Monday, February 5, 2007

Kelly Moody, on the note of nostalgia

After reading Kim-Chi Le's post, it also reminded me of a value I put on a place. My grandparent's farm. I am from a really rural part of southern Virginia where farming is a pretty regular practice. Well, it used to be. The government now pays the tobacco farmers millions of dollars not to farm anymore. Small family farming is not sufficient anymore, they have better ways of mass producing any product that is needed. My grandfather used to grow tobacco and I have memories as a child running around the old hand built tobacco barns full of drying tobacco leaves. I remember seeing strange faces and strange languages of people from Mexico, who came up every season in swarms to help the farmers who were loyal to them in return by giving them a free place to stay and food in exchange for work.
As well as the smells of tobacco and sounds of strange languages, I remember my grandmother's food. She grows just about everything in her gardens. It is a regular thing in my town for everyone to grow tons of food and then give the majority of it away to neighbors and friends. It is a great thing except when you'd love to have a good strawberry in December and you can't have one because it is not season, yet in the summer there are so many that you get sick of them. The summer time is the season for fruits; cantalopes and watermelons get left on our back porch on a regular basis. Nothing beats my grandmother's fruits and vegetables. She even made her own biscuits and jelly. Every time i would go to her house she would insist I eat some of her food. She would pull out mason jars of string beans, tomatos, pickles, butterbeans, and fix a big meal with homemade biscuits and always ice cream after. I am picky when i go to the grocery store, especially here in Newport News. Most of the canned vegetables taste really terrible. I grew up eating garden-grown foods and it is hard to adapt to the mass produced versions of these things. There is a certain affinity I have for the taste that comes with eating my grandmother's food, as well as the memory. There is so much more that comes with eating a bowl of my grandmother's garden grown string beans versus the canned version they sell in the grocery store. It's not the same. For someone else, the canned version is all they know. For someone else, the canned version could be the best they've ever tasted. The difference with my experience is the sense of quality i get with eating them, and the nostalgic quality of their indulgence.

The attachment i have to my grandparent's farm comes from years and years of comforting appeal to many of my senses, and the love that came with the appeal of those senses. I am automatically happy when i go see them or walk around the farm. My memories of the farm are a continuance and overlap my mother's memories. It also have value to my mom because she has memories of her own, growing up there when the world was a lot different than it is now. The place comes with many myths: the deaf horse, rescuing baby deer, the wandering mule, the sad deaths of dogs and cats, times when the 'wolves' came, the beetle years, the constant flow of cows in and out of the pastures, all having different spots, characteristics and personalities every year, even a cemetery is supposed to be somewhere out in the woods with stories of its own, stories of my grandpa's family who lived there before him, and those who lived before them.

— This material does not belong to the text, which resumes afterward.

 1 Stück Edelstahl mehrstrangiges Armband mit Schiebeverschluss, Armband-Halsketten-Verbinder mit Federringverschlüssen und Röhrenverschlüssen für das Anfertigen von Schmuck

The place is sacred now because it has history, it has stories, it has my memories, and my mothers, and our value of the place is based on our knowledge of the myths that exist there, and our own personal attachments that have grown from having that place. But despite that, the feeling is real. The feeling I have when I am there is the same feeling the Aborigine's must get when they visit their holy sites. Because it's not just about spirituality, its about value. It's about how the place affects your life. In that way, the value i put on my grandparent's farm is my spirituality, is my truth. The myths that come with the place create my truth, shape my life.